OK, so, I'm supposed to solve the differential equation $\frac{dy}{dx} = \frac{y+2x}{y-2x}$ by making the substitution $y = ux$, to make the equation separable. Then $\frac{dy}{dx} = u + x\frac{du}{dx},$ which changes the equation to $\frac{1}{x} dx = \frac{2-u}{u^2-3u-2}du,$ and then by integrating I get $\ln|x|+C = \frac{1}{2\sqrt{17}} \left[ (1-\sqrt{17}) \ln\,\left| u-\frac{3+\sqrt{17}}{2}\right| - (1+\sqrt{17}) \ln\, \left|u-\frac{3-\sqrt{17}}{2} \right| \right].$
Assuming I did that correctly, my question then becomes: if I resubstitute in for $u \ldots$ is that it? I don't think I can isolate $y$ from this, and Wolfram|Alpha seems to agree with me. I mean, is this implicit solution acceptable?
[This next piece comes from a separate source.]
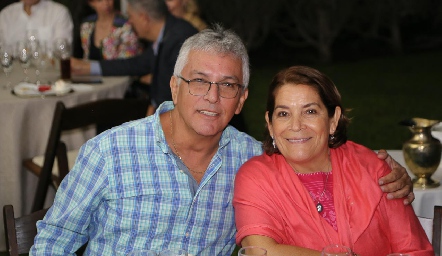  Héctor Álvarez y Rosa Elvira Aguilar.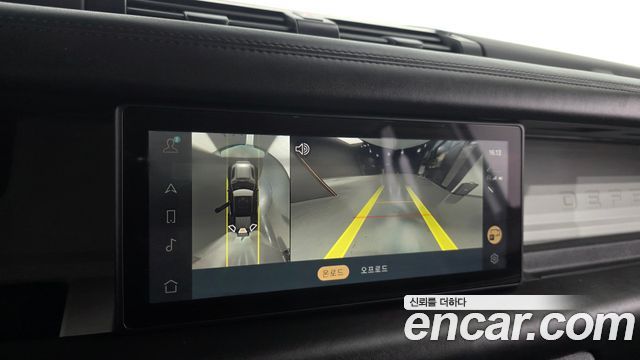 Land Rover Defender 2022 — photo 14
This isn't the whole story, however; I've found two linear solutions, $y = \left(\frac{3 \pm \sqrt{17}}{2}\right)x,$ to the differential equation essentially by showing that $d^2y/dx^2 \rightarrow 0$ as $x\rightarrow\pm\infty$ and then subtituting $y=Ax$. Notwithstanding the fact that it yielded correct solutions, though, I can't vouch for the validity of this method, as I already knew that those were correct and invented some fanciful method for deriving them... If this has any value to it, some basic instruction would be enormously appreciated.